_EXERCISE DESCRIPTION_:
Write out exactly the lines from the one containing "المغرب - بنين" to the end of the material, both ends included, and nothing else. Leave pictures out.

_INFORMATION SHOWN_:
━━━━━━━━━━━━━━━━━━━━
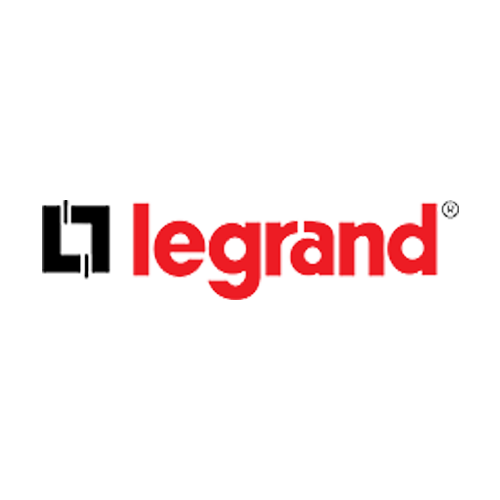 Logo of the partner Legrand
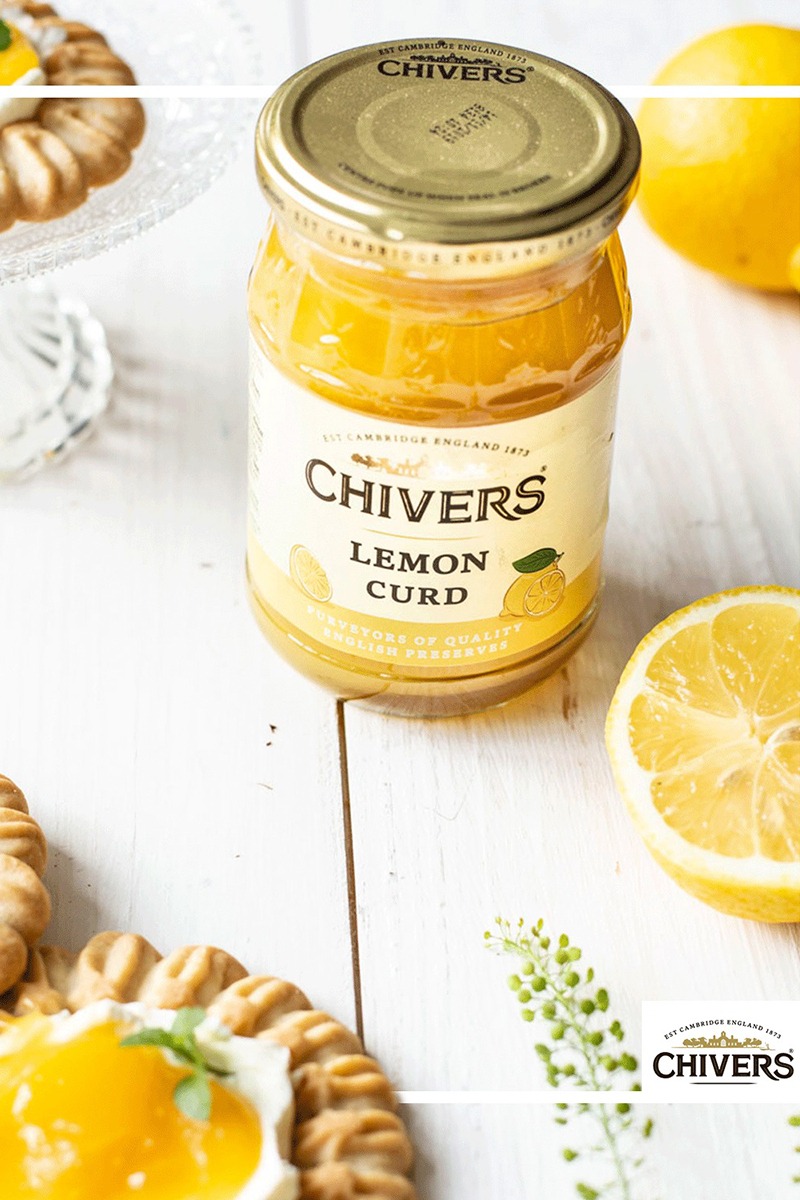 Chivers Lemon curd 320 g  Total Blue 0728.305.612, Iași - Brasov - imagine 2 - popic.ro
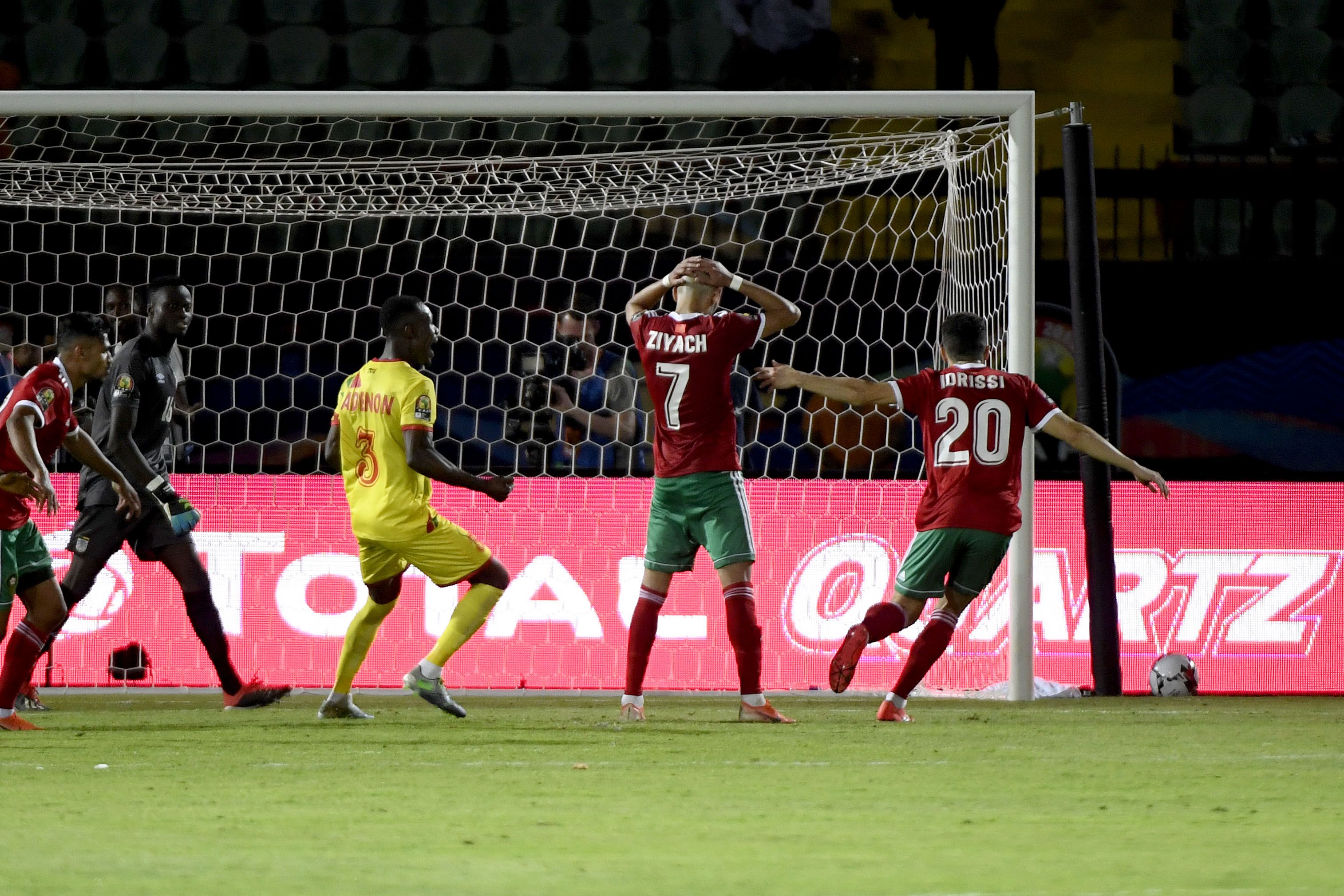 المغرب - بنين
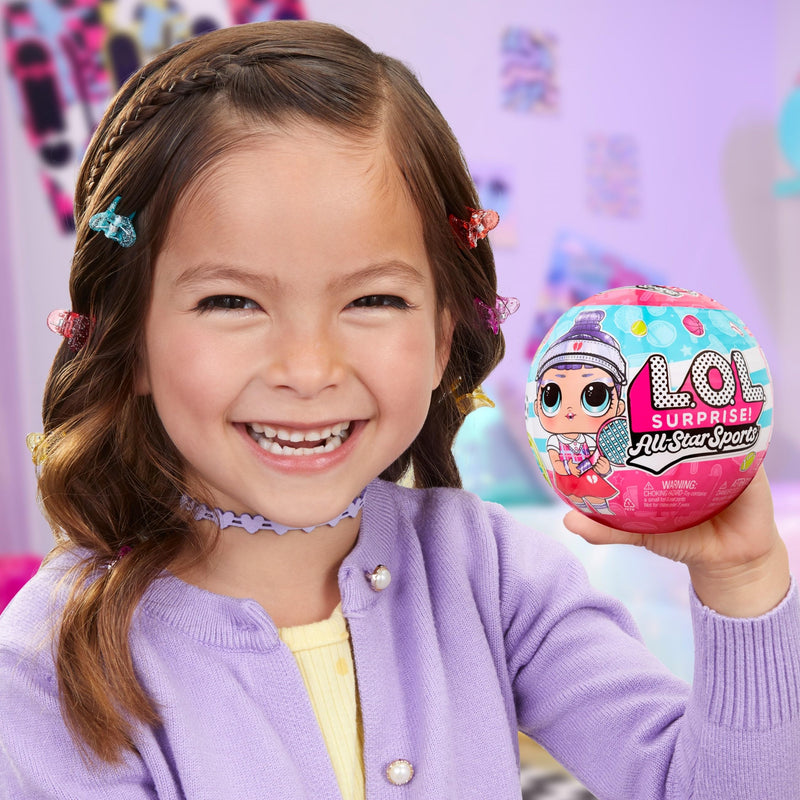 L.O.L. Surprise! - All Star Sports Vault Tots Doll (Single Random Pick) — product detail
━━━━━━━━━━━━━━━━━━━━
_TASK ANSWER_:
 المغرب - بنين
 L.O.L. Surprise! - All Star Sports Vault Tots Doll (Single Random Pick) — product detail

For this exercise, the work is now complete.